As with many other issues, it seems that here lockdowns accelerated a preexisting trend. Even before lockdowns, obesity rates were at an all-time high. Nearly half of Americans were taking at least one prescription drug, and a quarter were taking three or more. Unprecedented numbers of people were being diagnosed with autism, autoimmune disorders, and allergies.

Family chaos as measured by broken or never-formed marriages was at historical highs. So was the number of American adults taking medication for mental illnesses.

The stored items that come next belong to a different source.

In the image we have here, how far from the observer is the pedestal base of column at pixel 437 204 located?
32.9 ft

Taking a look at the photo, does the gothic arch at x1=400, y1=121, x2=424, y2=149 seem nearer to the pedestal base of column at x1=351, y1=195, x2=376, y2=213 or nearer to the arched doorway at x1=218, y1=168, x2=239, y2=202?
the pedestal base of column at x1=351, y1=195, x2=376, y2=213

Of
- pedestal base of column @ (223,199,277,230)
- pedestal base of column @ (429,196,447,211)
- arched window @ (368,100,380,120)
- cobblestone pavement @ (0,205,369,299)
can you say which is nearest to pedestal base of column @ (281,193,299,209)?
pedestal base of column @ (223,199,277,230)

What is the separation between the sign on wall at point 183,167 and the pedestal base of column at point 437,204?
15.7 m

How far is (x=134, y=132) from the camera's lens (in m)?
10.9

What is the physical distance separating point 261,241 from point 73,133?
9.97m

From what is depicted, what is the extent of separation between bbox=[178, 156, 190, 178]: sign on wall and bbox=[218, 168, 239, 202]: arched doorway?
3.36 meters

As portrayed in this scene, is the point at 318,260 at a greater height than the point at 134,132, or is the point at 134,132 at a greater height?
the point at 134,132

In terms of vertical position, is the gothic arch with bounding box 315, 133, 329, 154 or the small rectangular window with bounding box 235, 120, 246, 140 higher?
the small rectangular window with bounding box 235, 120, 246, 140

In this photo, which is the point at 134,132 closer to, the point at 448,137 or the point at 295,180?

In fact, in 2020, nearly one-quarter of all Americans — including some babies — were taking psychiatric medications. In the late-aughts, the latest data available, American women were trending dramatically less happy than in the 1970s.

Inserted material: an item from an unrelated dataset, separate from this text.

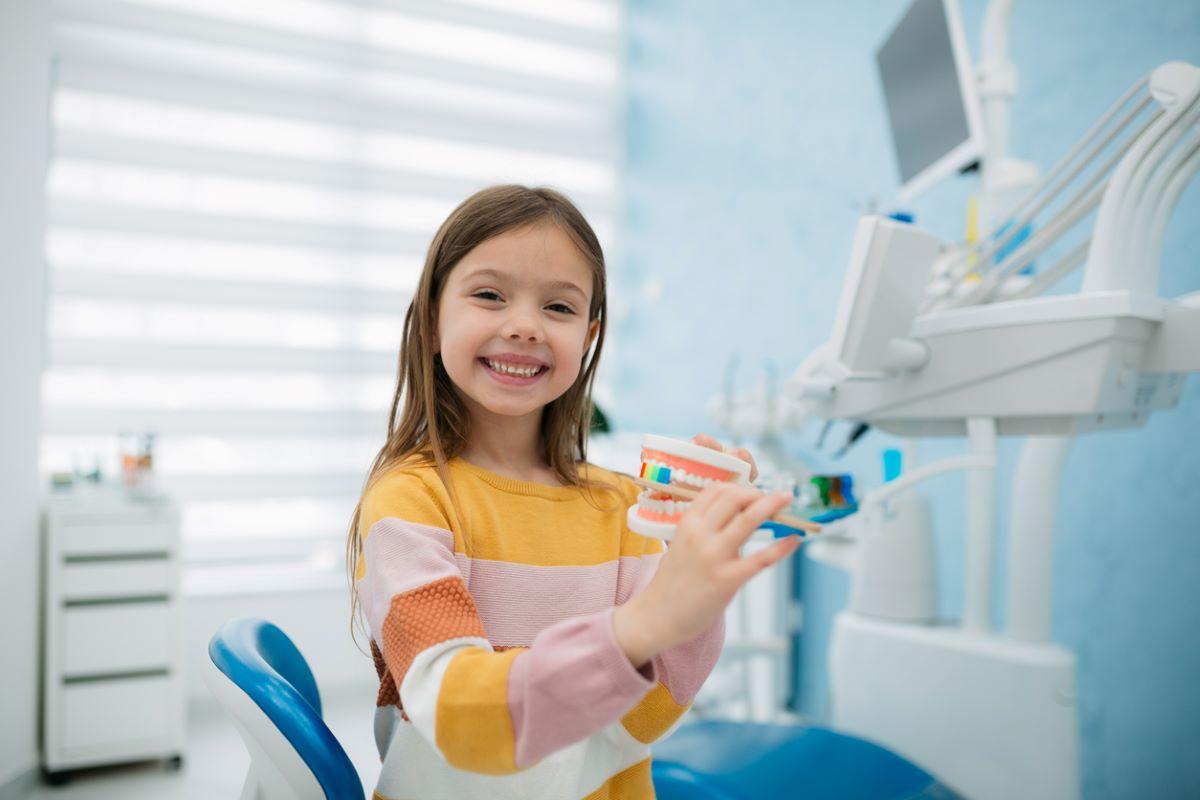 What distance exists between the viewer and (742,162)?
9.97 feet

Of course, many factors go into making much higher proportions of Americans a hot, sad mess. But it’s obvious lockdowns accelerated, and likely amplified, terrible preexisting trends. It will take years to quantify the damage, but just go outside and look around. It’s visible in Americans’ bodies, in their clothing, in their behavior, and in their faces.

Deliberate Ugliness

What’s also different about this saturated ugliness is not only the lack of even a little embarrassment that might motivate change, but also the aggressive cultural messaging promoting it. Rather than being alarmed into productive action by so many Americans’ evident disarray, despair, and dishevelment, our culture controllers instead legitimize inner and outer chaos.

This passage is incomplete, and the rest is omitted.